Many have accomplished mighty acts, raised the dead, toiled for the conversion of the erring, and have wrought great wonders; and by their hands they have led many to the knowledge of God. Yet after these things, these same men who quickened others, fell into vile and abominable passions and slew themselves, becoming a stumbling block for many when their acts were made manifest.
-St. Isaac the Syrian, Homily 4
In my Protestant years, most of the emphasis on being a Christian was outward: street evangelism, acquiring and practicing various “gifts of the Spirit,” feeding the hungry, giving to the poor, prayer meetings, and book and Bible studies. Great oratory skills were a plus, and those who could utilize their gift of speaking to motivate others could reach celebrity-status in their community, and potentially across the Christian world.

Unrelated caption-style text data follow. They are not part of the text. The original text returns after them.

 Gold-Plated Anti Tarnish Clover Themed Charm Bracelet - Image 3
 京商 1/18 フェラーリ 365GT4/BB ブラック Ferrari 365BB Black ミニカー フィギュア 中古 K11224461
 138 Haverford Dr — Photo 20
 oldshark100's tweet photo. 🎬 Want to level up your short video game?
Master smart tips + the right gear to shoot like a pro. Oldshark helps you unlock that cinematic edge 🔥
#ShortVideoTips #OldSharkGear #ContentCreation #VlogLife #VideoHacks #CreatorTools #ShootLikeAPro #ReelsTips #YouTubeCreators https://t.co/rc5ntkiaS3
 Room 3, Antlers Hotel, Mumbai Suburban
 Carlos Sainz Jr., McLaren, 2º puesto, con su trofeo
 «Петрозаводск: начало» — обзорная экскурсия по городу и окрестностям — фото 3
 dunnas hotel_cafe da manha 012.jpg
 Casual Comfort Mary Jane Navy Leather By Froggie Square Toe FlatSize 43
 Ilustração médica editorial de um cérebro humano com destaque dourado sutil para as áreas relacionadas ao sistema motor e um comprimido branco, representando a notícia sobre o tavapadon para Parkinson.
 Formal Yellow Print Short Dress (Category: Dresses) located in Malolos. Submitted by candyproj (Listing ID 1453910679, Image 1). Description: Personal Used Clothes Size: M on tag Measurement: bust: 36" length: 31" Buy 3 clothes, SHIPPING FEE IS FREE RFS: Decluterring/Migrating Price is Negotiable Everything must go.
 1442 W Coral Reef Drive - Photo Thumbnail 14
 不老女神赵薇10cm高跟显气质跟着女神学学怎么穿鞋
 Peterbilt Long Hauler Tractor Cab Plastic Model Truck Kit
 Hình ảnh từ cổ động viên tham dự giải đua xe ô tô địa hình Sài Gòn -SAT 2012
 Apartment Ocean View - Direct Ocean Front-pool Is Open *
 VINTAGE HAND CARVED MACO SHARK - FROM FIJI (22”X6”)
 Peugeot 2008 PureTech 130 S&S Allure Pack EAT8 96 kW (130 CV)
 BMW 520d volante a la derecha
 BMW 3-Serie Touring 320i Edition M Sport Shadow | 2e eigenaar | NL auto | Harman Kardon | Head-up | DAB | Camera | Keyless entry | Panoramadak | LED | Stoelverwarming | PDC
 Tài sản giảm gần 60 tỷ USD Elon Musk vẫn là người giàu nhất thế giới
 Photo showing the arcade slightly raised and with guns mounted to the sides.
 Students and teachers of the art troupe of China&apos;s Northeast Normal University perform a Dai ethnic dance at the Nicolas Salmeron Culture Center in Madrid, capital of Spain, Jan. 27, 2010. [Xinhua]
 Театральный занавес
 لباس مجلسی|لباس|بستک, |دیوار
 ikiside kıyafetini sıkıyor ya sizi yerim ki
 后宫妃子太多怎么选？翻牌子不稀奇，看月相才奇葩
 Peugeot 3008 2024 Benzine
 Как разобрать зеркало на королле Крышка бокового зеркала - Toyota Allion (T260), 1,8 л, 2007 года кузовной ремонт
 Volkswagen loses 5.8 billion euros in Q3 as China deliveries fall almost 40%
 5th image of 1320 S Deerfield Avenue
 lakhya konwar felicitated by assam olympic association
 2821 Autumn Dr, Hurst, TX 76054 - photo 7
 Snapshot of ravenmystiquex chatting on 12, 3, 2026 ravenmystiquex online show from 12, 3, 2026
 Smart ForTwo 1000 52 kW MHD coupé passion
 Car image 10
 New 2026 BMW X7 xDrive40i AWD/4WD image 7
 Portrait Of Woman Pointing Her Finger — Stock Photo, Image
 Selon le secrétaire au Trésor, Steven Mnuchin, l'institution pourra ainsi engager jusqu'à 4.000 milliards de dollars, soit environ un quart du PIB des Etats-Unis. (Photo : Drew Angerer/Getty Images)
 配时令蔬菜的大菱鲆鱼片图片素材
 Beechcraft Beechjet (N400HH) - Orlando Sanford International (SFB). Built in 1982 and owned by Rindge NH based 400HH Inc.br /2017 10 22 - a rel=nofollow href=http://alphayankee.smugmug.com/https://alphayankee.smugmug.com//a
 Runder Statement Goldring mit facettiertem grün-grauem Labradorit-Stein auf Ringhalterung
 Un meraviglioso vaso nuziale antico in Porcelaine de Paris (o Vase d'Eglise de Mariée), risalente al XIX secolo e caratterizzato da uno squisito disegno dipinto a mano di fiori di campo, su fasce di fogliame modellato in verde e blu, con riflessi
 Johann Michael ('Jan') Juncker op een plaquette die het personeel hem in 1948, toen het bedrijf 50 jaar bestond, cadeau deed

I kept myself busy attempting to acquire as many of the skills and experiences mentioned above. Outwardly, many thought highly of me. Inwardly I was a mess.
The above quote from St. Isaac addresses those whose lives revolve around what they believe is their ministry and their mission. He knew or heard of people who worked miracles, even raising the dead, and who evangelized so effectively that they were drawing large crowds into the church. However, because those people did not learn inner stillness and complete self-control, they were subject to their sinful passions and ended up falling into some kind of scandal. Consequently, the people whom they persuaded to join the church would fall away. There was no lasting effect from their ministry.
St. Isaac makes some radical claims in his homily, stating it is better to love stillness than to feed the starving or convert a multitude; it is better to free yourself from the slavery of sin than to free people from slavery; it is better to be incapable of speaking yet possessing inward knowledge of God “than to gush forth rivers of instruction from the keenness of your intellect and from a deposit of hearsay and writings of ink;” it is better to raise your soul up from the death it has experienced in its attachment to sin than to miraculously raise the dead.
Ten years ago, I would have tossed this book aside, laughing and saying to myself, “What does he know? Has he ever read the New Testament? Has he ever heard of the Great Commission?”
If Orthodoxy has shown me anything, it has been the opening of my eyes to realize the depth of my sinfulness, my weakness, and my soul’s pitiful state. I reveled in an arrogant delusion years ago, and now, I am still deluded, but am actively fighting against the lens my ego perpetually places in front of my spiritual eyes.
What I find interesting about Orthodoxy is that has the potential to turn us into the greatest saints through this inward journey or the most satanic Pharisee if we pay attention only to the outward details. Great Lent provides us with this challenge every year:
Will I fast the best I can in an effort to help my soul and spirit gain control over my body so that I no longer serve the passions of my flesh, and thereby, draw closer to Christ inwardly? Or will I get caught up in the rules of the fast and the busyness of the cycle of services while curiously watching others to see how strict they keep the rules and to see who is present and absent from the extra church services?
Will I go to confession, repenting of my sins and blaming myself for everything with the hope that, if any excuses are to be made, God will make them for me in the end? Or will I tell the priest all about how others are tempting me or driving me to think, speak, or act in ways that I know are not grace-filled?
My dear readers, please pray for me. I pray that God “would grant you, according to the riches of His glory, to be strengthened with might through His Spirit in the inner man, that Christ may dwell in your hearts through faith; that you, being rooted and grounded in love, may be able to comprehend with all the saints what is the width and length and depth and height— to know the love of Christ which passes knowledge; that you may be filled with all the fullness of God.” (Eph. 3:16-19)
The featured image was taken from tulsaworld.com and is of Rob Bell, but I am in no way implying that Rob Bell has had some kind of moral lapse. I was merely searching for an image of a preacher in front of a large crowd.
One last note on St. Isaac’s quote: his point was not that there should be no preachers or miracle workers, but that we should all attain to a level of inward healing from the passions before we attempt to embark on any sort of ministry. We should fix ourselves before we attempt to work on others. Alas, the latter is significantly easier than the former. Some people rush into ministry after an exciting encounter with God. St. Isaac’s advise: don’t do it. Stay still, stay where you are, and continue to deepen and strengthen the inward man for the hard years ahead.
2 thoughts on “Fixing Ourselves First”
Wonderful post! This was my experience essentially. Outwardly I had attained the place where I wanted to be–in front of people! My own journey to Orthodoxy revealed to me exactly what you (and St. Isaac) wrote about. Thank you for the reminder of who I was and who I am.